Upon realising the pursuit wasn’t going to end anytime soon, his attempts at anonymity began to border on why-bother: baseball cap pulled down low, Victoria’s Secret babe in tow, an entourage trawling the model posse at various late-night hangouts.

Drinks at Beach Haus. Dinner at Momofuku Seiobo. Dumpling stop-offs at Din Tai Fung.

We’re familiar with the bad-boy party image, but it’s one that seems to contradict the other Leonardos: three-time Oscar nominee; Golden Globe Award winner; the lead in movies-of-the-moment such as J. Edgar and the aforementioned Gatsby remake. And committed activist …

Visit the actor’s official website, www.leonardodicaprio.com, and you’ll see what we mean. About a third of the content is devoted to movie news; the rest is dedicated to his causes. Saving tigers. Ending the elephant slaughter and ivory trade in Tanzania. Alliances with a high-end coffee line that promotes sustainable practices in Haiti. Shark conservation in California.

The guy certainly walks the talk, whether it’s producing and narrating the documentary The 11th Hour (a pull-no-punches state-of-the-earth address) to working with TAG Heuer as a spokesmodel of sorts.

Ah, yes. That fascinating breed: the celebrity face. Yet DiCaprio is the rarest of the species. His alliance with the luxury Swiss watchmaker is leveraged to benefit his environmental passions. This deep immersing of self (a typical Scorpio trait) is evident in his responses — long, detailed, considered answers — when he phones the BAZAAR offices on behalf of TAG, early one recent morning.

He’s clearly proud of the watch he co-designed with the brand back in 2009 (the Aquaracer 500M), the royalites of which were donated to Green Cross International and the Natural Resources Defense Council (NRDC), and discussions are underway about a second one.

“Our world is run by corporations and so many things are controlled by them,” he says, clearly trying hard not to come across as preachy. “They have an incredible amount of power and sway. Some are conscious about trying to make the world a better place and take responsibility not only for what they give back, but how they produce things. That’s why TAG was an attractive fit for me. We created this sort of campaign together, Jean-Christophe Babin [TAG Heuer’s CEO] and I.”

Cue DiCaprio visiting the brand’s headquarters in Switzerland in March 2010, giving it a green makeover of sorts and encouraging Babin to curb its energy consumption via the building of a photovoltaic roof.

“We’re a massive population,” he argues. “Seven billion. We’re depleting our planet’s resources like never before. Things are on the tipping point. From oceans to fresh soil, to deforestation, to endangered species. Individual actions create change.”

It’s big-picture stuff, but trying to get him to open up about what he does, green-wise, on a personal level and you’d have better luck pulling hen’s teeth.

“I’m always hesitant to compare what I do with other individuals,” says the 37-year-old. “It’s just not the same situation. I have access to a lot of things. Sometimes this can turn people off.
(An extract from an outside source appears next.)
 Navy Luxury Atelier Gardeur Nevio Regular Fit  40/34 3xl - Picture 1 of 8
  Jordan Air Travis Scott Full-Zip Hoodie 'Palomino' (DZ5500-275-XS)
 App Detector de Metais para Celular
Make you think that that person’s elitist.”

So yes. We’re talking solar panels on his LA home, while his New York condo overlooking the Hudson features low-emission paints, an in-house water treatment facility and a filtered air system. And he drives a Fisker Karma, a plug-in luxury sports car that retails for about $100,000 in the US.

“It’s amazing,” he admits reluctantly. “If driven correctly you only need to fill it up three, four times a year. “It’s about being conscious about the world we live in,” he continues, attempting to steer the conversation away from his home life. “Voting for the right leaders. Or buying local — think about transporting food across the world from China. We live in a complex world where we want everything at our fingertips even if it means having it travel long distances.”
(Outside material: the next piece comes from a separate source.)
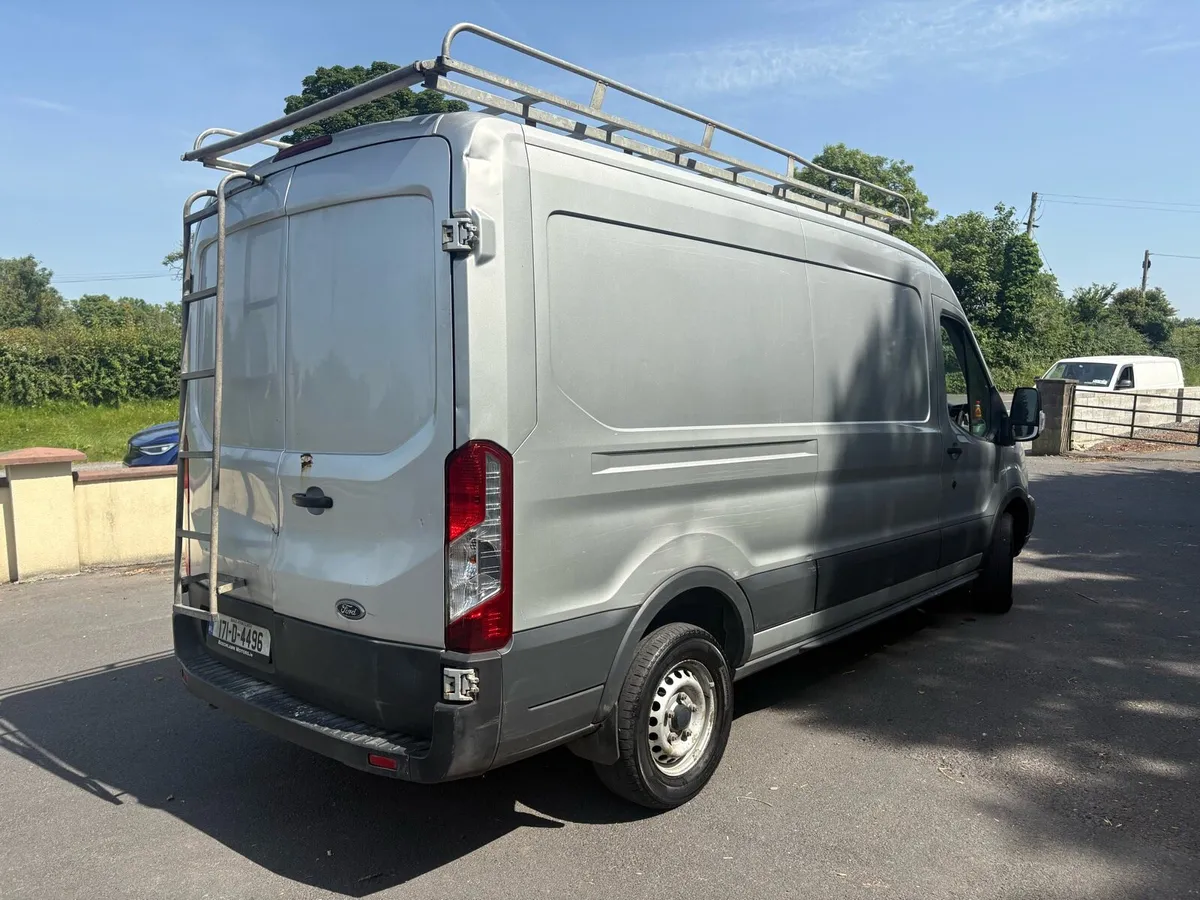 2017 ford transit high roof LWBt350 Doe 12/26 - Image 4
Does the sheer scale of what needs to be done ever depress him? He laughs. “I got depressed about it a long time ago,” he admits. “You’ve got so many different cultures, religious beliefs, governments. To unify them and work towards one common goal — it almost feels like we need one major disaster to come together as a world community. Every environmental leader you talk to is incredibly frustrated.”
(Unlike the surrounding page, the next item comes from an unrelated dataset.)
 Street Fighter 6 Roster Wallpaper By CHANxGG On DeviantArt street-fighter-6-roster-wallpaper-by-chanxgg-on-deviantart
To plug away at this cause so relentlessly requires certain character traits. Someone with unrelenting hope. Someone even slightly delusional. They’re personality markers that sound remarkably close to home, considering DiCaprio is portraying Jay Gatsby in Baz Luhrmann’s adaptation of the F. Scott Fitzgerald masterpiece, scheduled for release on January 10, 2013.

“Like it says in the book, he [Gatsby] had ‘an extraordinary gift for hope’. An ability to keep looking towards the future and against all odds. To just stay on course,” says DiCaprio. “I just love the character. He’s an incredibly desperate man. Someone who wants to create an identity for himself by any means necessary.”

The project not only reunited Luhrmann and DiCaprio, who last worked together 16 years ago on Romeo + Juliet, but also involved his best friend, Tobey Maguire, who plays the part of Nick Carraway, the honest Midwesterner seduced by the East Coast high life. (DiCaprio is rumoured to be godfather to Maguire’s five-year-old daughter, Ruby.) DiCaprio describes it as a story that defies time, its key themes just as relevant today as they were in 1925 when first published.

“Here was this man in this tragedy who did anything necessary to achieve wealth because it meant status in our country. America was this open land of opportunity, with money becoming the dominating force. Baz is really excited about retelling the story, because it looks like our economy now. It’s almost like history repeating itself. Our economic-growth pattern mirrors the ’20s — the mortgages, the housing markets, the escalating prices … Then boom.”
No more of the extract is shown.